Of course, as an organization that focuses on luxury travelers and agents, Virtuoso didn't focus on some of trends on contemporary lines. There was nothing about the increasing number of roller coasters, go cart tracks and laser-tag playgrounds, for example.  Likewise, elaborate escape rooms weren't featured.

But for premium, upper premium and luxury ships, the first trend on the list is well chosen: distance. More and more travelers are going far from home and headed to far-flung destinations. The more obscure the better.

On a Silversea Cruises trip last February, I visited Sandakan in Malaysia, and Romblon Island in the Philippines.

In both places, we made culinary stops that put us in touch with the local cuisine and how it is created. That's another trend that resonated with Virtuoso. "Passengers want to enjoy the essence of these places through interactions with local people and culture," said Virtuoso vice president of cruise sales Beth Butzlaff.

More nights in port is another evolving trend.  The line that attached itself to this concept early on was Azamara. I experienced it on a Baltic cruise last summer aboard the Seabourn Ovation, which spent two nights in St. Petersburg, Russia. Having three full days in port really helped me get a feel for this historic city, which would have felt like a drive-by on a six-hour excursion.    

Cold is hot -- that's how Virtuoso summed up the trend towards polar excursion voyages. There's no question that there are an expanding number of cruise lines, ships and itineraries devoted to the Arctic and Antarctic regions. Once a traveler feels like they've been everywhere, it is a logical next step. In December, I was able to take an Antarctic cruise with Abercrombie & Kent/Ponant, and it was certainly different in multiple ways from any other cruise I had tried.

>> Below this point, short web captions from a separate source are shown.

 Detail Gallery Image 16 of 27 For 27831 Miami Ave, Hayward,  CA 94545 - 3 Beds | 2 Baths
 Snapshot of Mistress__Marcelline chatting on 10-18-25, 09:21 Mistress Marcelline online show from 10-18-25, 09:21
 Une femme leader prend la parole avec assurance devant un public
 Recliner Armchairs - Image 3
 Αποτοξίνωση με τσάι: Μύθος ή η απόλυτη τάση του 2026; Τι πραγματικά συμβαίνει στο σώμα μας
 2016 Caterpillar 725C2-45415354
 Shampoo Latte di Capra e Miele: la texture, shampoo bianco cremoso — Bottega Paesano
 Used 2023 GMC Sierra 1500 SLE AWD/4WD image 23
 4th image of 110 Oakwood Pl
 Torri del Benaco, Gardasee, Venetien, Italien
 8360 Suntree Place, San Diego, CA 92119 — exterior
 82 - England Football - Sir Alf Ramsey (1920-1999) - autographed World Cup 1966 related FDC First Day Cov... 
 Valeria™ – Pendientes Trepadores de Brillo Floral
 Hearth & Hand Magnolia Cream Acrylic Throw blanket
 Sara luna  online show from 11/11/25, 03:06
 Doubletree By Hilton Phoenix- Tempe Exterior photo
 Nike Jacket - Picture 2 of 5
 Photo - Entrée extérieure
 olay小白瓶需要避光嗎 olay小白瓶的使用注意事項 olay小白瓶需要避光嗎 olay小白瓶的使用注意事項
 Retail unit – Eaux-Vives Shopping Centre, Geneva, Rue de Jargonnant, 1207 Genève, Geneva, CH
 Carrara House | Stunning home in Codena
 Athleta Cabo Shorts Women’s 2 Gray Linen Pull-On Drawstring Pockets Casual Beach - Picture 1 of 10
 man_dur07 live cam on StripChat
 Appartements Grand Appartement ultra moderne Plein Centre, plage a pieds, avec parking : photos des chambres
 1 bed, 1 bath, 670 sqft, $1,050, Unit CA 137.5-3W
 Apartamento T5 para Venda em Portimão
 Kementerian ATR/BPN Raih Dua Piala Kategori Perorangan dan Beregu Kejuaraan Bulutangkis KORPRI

That cruise also showcased another trend spotted by Virtuoso: the increase in what it calls "conscious travel."  That implies a certain concern for the environmental, cultural and crowd-level impact of cruises on the destinations they visit. In Antarctica, members of the International Association of Antarctic Tour Operators abide by rules that limit landings to 100 passengers at a time. When ashore, we were guided to not approach wildlife, such as penguins, any closer than 15 feet, although curious penguins were free to approach us as much as they desired.

On the opposite end of the spectrum, a two-night cruise to Freeport (before Hurricane Dorian) on Bahamas Paradise Cruise Line from the Port of Palm Beach illustrated Virtuoso's "microcruising," trend. On that cruise, I talked to one passenger, a shop owner who was too time-starved to take a longer trip. The Bahamas Paradise cruise was the perfect solution.

Virtuoso defines Americana as a trend: "Cruise lines featuring U.S. sailings are flourishing, with American Queen's Mississippi River cruises in particularly high demand," it said. My foray into Americana was on the Great Lakes, which might be a trend within a trend. American Queen's sister line Victory Cruise Lines took me from Detroit to Toronto, passing that quintessential American honeymoon destination, Niagara Falls, along the way.

About the only trend Virtuoso identified for 2020 that I missed out on was the increasing demand for suites. Since I travel at the invitation of the lines, I don't get assigned to suites very often.  A big exception was more than a few years ago when I traveled in suite style on the Viking ship Viking Star. The accommodation was way too big for one person, but I could see getting used to the category.